We downloaded our data file analysis ready from the CORGIS website. Our data set did not need to be transformed, as all the variables were already in their suitable types.
We selected variables such as artist hotness, artist terms, song tempo, and song year to see how these variables interact with the song hotness variable.
We cleaned the variable names using the janitor library.

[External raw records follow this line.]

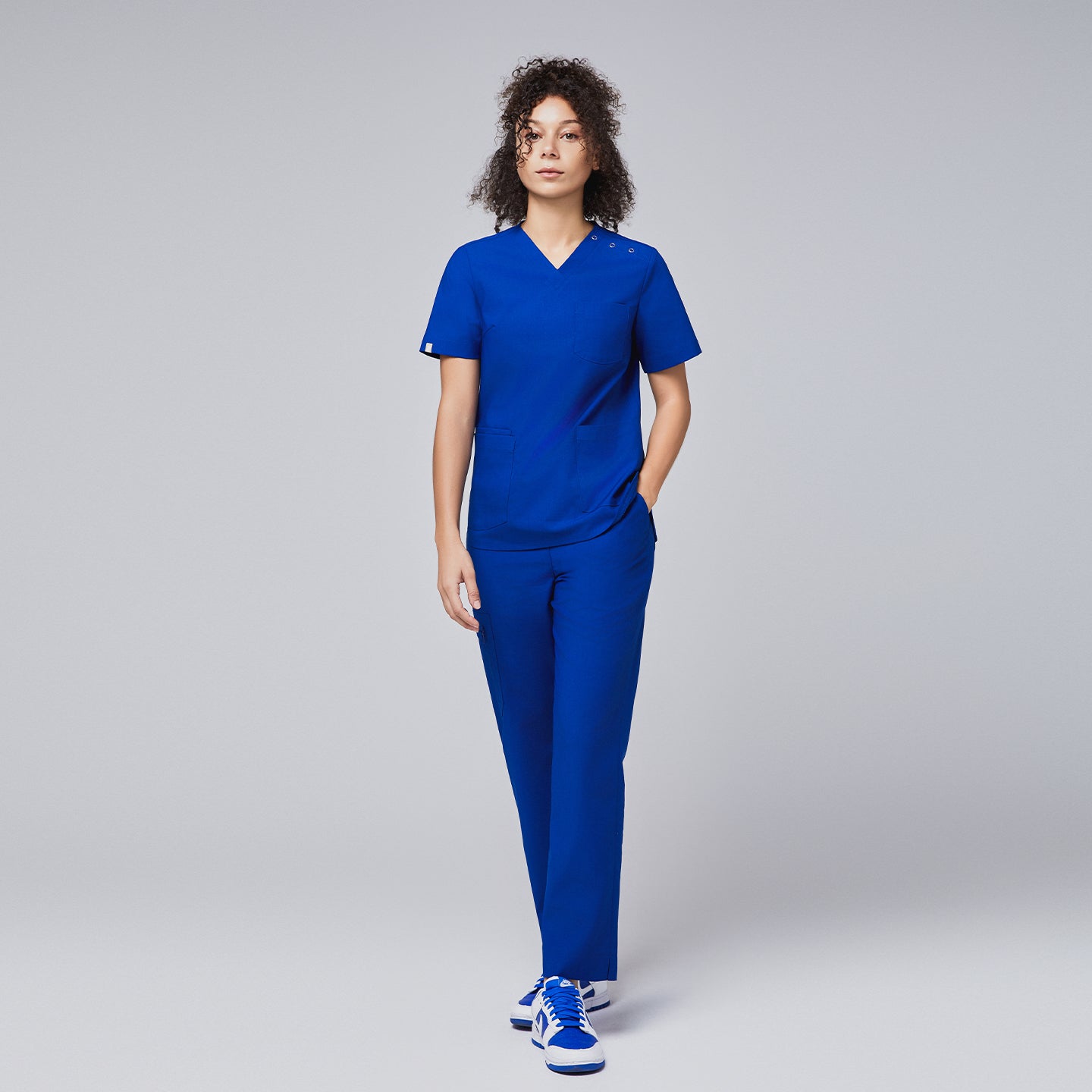 A woman dressed in a royal blue scrub set with button details on the shoulder, walking confidently with one hand in her pocket,Royal Blue
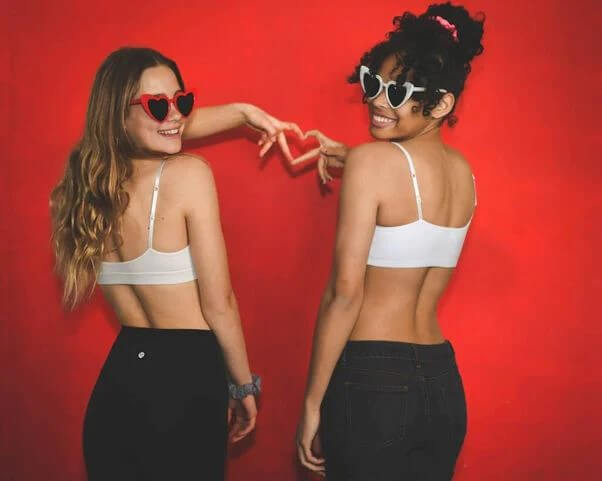 Two teenage girls wearing white bralettes from Bleuet making a heart sign with their hands.
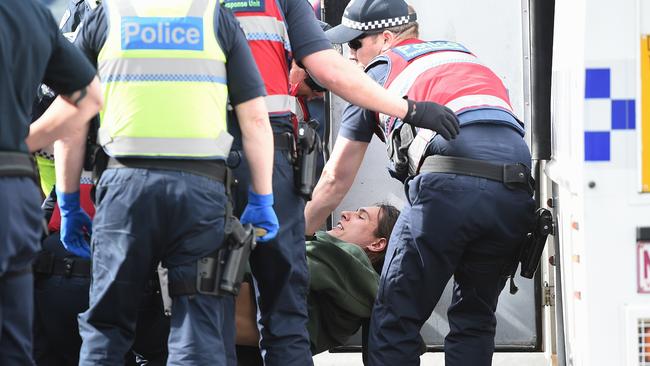 A protester is arrested after outside a house in which squatters had settled.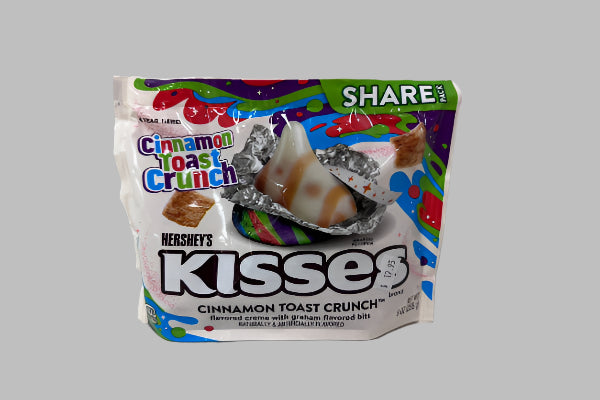 Hershey's Kisses Cinnamon Toast Crunch candy package on a white surface with a gray background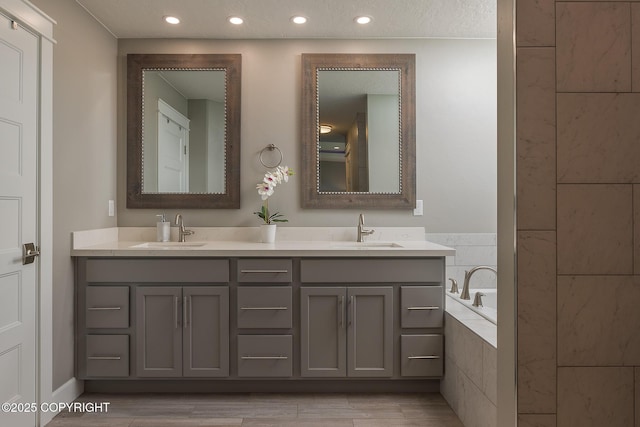 5062 E Calf Cir, Wasilla, AK 99654 - bathroom with double vanity, a relaxing tiled tub, recessed lighting, and wood finished floors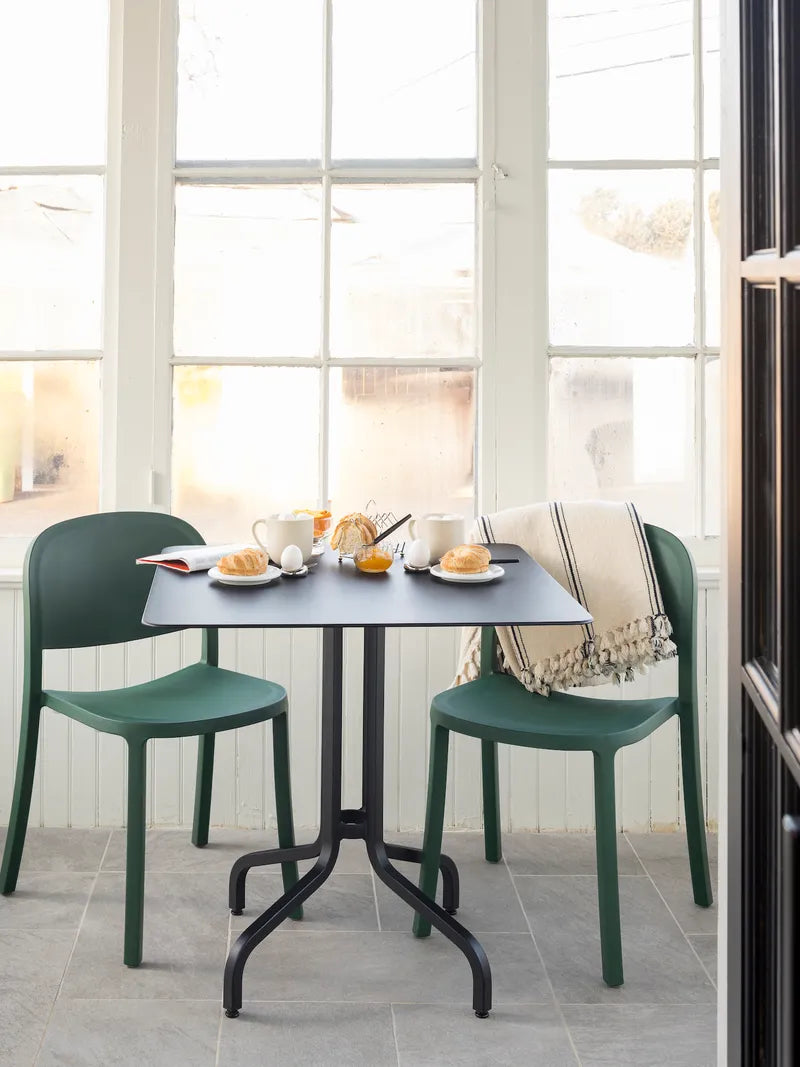 A sustainable table with two recycled plastic Reclaimed Chairs by Emeco, in green.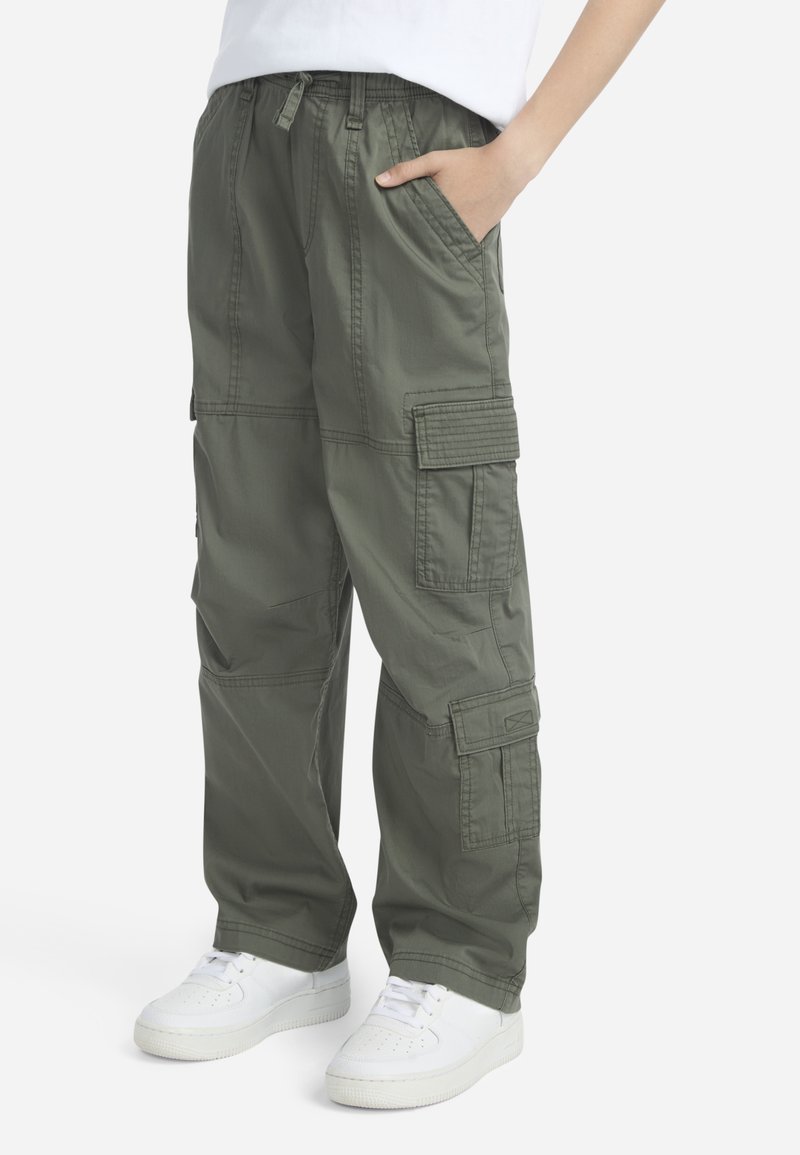 Φόρμες cargo σε ελιά πράσινο με πολλαπλές τσέπες, ρυθμιζόμενη μέση με κορδόνι και άνετη εφαρμογή. Κατασκευασμένες από ελαφρύ ύφασμα με λεία υφή.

We filtered out all nonsensical values including values of 0 for song year and song hotness, and anything greater than 1 or below 0 for song hotness.
# A tibble: 2,712 × 5
artist_hotttnesss artist_terms song_hotttnesss song_tempo song_year
<dbl> <chr> <dbl> <dbl> <dbl>
1 0.402 pop punk 0.605 130. 2007
2 0.332 new wave 0.266 86.6 1984
3 0.448 country rock 0.405 120. 1987
4 0.513 hard rock 0.684 150. 2004
5 0.542 math-core 0.667 167. 2004
6 0.306 pop rock 0.495 138. 1985
7 0.416 soul jazz 0.414 110. 1972
8 0.418 doo-wop 0.443 130. 1964
9 0.393 gothic metal 0.451 115. 2007
10 0.468 ska punk 0.529 116. 2003
# ℹ 2,702 more rows
write.csv(music, "data/cleaned_music.csv")
Other appendicies (as necessary)
`geom_smooth()` using method = 'gam' and formula = 'y ~ s(x, bs = "cs")'
The scatterplot above shows the relationship between the song tempo and song hotness variables. We fit a geom_smooth line to investigate the strength of the relationship between the two variables. However, we chose to not further investigate this relationship due to the roughly horizontal line that indicated weak or potentially no correlation.